Another disadvantage of LLPN is the impaired visibility of the resection plane caused by tissue coagulation and burn, which may increase the possibility of positive surgical margin (PSM). In order to address this issue, the investigators suggest a prior demarcation of the resection line around the tumor to achieve tumor-free margins. In the present series, 21 cases had a negative surgical margin, four cases had an indistinct surgical margin, and no patient had PSM, which was comparable to results reported by previous literatures. Several literatures have reported no occurrences of PSM in their series [9, 15, 16], while other literatures also reported a low incidence of PSM (2–9%) [18, 24]. In the opinion of the investigators, careful patient selection, the surgeon’s adequate laser surgical technique, and careful preoperative planning can contribute to the reduction in frequency of PSM. In addition, it is noteworthy that the tissue necrosis zone after laser resection creates an additional safe margin, which may make an indistinct surgical margin that is not clinically important.
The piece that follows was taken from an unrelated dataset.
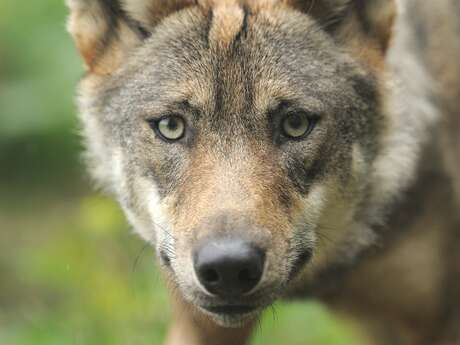 Circuit de randonnée pédestre n° 14 Les Loups de Chabrières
The lessons obtained from the failed-LLPN cases

To date, all studies on LLPN are limited to small renal tumors [23]. Based on the experience of the investigators, small exophytic renal tumors may be better candidates for LLPN. Both failed cases in the present study, in which hilar clamping were applied due to intraoperative hemorrhage, were complicated cases with a larger tumor size (3.2 and 4 cm), with relatively higher R.E.N.A.L and Padua scores. The laser procedures were suspended due to heavy hemorrhage caused by the large feeding artery at the base of tumor. It was noted that the laser technique may not be able to achieve satisfactory hemostasis on large feeding vessels. Specifically, the investigators strongly recommend the full pre-preparation of the renal hilum before starting the laser resection, in case significant feeding vessel hemorrhage occurs.

Study limitations

In the present preliminary study, some promising results were found on the efficacy and safety of the new surgical technique. However, some limitations should be mentioned. First, the present study included a relatively large number of patients, when compared to prior reports. However, further studies with more patients are needed to validate these present results before these can be widely generalized. Second, the investigators did not include a control group in the present study, and only compared the results with those of prior reports, in order to show the pros/cons of the laser technique. Due to the variations in study populations and laser techniques among studies, the comparison results may not be strong enough. Finally, the present study was conducted by a group of experienced laparoscopic urologists in a high-volume center, and these present results may not be repeatable in terms of the varied technical experiences of the surgeons.

Conclusion

These present single-center preliminary results demonstrate that the laparoscopic partial nephrectomy with dual 980/1470 diode laser technique is a safe and oncological satisfactory technique for the treatment of SRMs, and that this especially has the advantage of reducing WIT, thereby maximally preserving renal function. Further studies with more cases and longer follow-ups are needed to establish the oncological and functional efficacy of the procedure.